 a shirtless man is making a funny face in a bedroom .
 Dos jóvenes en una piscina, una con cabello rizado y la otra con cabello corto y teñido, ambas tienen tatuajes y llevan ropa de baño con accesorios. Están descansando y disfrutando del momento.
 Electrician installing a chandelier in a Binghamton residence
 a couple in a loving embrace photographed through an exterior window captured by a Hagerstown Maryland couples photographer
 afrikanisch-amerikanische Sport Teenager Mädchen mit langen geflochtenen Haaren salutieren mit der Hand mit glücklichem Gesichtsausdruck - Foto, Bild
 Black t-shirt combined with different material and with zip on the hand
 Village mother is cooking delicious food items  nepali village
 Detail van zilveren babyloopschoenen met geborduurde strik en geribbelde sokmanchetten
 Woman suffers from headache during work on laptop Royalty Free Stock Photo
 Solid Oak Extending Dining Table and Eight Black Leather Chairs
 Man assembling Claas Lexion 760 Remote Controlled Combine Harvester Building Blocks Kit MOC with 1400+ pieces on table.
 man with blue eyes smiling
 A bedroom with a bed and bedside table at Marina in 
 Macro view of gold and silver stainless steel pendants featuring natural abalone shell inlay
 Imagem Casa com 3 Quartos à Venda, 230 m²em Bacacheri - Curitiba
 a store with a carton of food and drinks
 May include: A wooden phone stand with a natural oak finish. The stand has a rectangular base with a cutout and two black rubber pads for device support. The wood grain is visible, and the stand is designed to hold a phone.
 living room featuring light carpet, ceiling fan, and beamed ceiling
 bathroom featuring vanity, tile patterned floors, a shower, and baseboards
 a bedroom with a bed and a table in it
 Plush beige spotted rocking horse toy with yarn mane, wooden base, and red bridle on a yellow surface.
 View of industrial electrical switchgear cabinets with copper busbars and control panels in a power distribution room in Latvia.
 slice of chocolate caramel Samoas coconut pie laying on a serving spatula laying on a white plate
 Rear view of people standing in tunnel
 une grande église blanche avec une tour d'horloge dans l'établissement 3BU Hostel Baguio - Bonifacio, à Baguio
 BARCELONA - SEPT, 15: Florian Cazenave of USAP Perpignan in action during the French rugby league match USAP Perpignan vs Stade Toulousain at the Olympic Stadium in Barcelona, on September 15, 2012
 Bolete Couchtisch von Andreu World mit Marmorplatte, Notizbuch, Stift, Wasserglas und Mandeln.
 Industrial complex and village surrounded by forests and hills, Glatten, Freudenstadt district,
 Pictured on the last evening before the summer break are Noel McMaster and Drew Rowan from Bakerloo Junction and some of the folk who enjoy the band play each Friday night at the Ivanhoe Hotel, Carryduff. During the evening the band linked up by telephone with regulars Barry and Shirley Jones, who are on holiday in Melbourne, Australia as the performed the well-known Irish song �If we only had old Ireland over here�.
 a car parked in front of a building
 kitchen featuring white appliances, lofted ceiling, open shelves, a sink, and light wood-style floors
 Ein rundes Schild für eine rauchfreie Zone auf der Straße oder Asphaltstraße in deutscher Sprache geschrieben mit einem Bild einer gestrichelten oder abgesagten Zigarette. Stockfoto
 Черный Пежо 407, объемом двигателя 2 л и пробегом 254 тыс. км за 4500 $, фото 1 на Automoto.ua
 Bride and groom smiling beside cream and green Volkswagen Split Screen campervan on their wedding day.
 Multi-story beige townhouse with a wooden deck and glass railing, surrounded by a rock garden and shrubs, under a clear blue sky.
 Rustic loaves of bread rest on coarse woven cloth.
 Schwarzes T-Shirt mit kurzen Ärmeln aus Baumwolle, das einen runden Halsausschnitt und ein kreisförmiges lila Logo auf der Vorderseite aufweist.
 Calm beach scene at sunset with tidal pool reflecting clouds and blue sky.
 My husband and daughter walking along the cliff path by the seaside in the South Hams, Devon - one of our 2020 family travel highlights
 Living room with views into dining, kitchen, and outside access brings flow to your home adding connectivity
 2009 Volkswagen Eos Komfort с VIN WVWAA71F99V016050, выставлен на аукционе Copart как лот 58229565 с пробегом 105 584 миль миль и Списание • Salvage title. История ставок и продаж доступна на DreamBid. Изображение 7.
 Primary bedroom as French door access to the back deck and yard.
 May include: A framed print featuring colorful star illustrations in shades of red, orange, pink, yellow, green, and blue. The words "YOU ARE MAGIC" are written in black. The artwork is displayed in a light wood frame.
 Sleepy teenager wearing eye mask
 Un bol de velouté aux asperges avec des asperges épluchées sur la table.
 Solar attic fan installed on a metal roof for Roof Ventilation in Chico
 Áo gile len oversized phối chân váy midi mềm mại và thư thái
◆ ◆ ◆ ◆ ◆ ◆ ◆
What to work on>
Using the data above, reproduce exactly the lines from the line that contains "a store with a carton of food and drinks" through the line that contains "living room featuring", including both.

Solution to this exercise>
 a store with a carton of food and drinks
 May include: A wooden phone stand with a natural oak finish. The stand has a rectangular base with a cutout and two black rubber pads for device support. The wood grain is visible, and the stand is designed to hold a phone.
 living room featuring light carpet, ceiling fan, and beamed ceiling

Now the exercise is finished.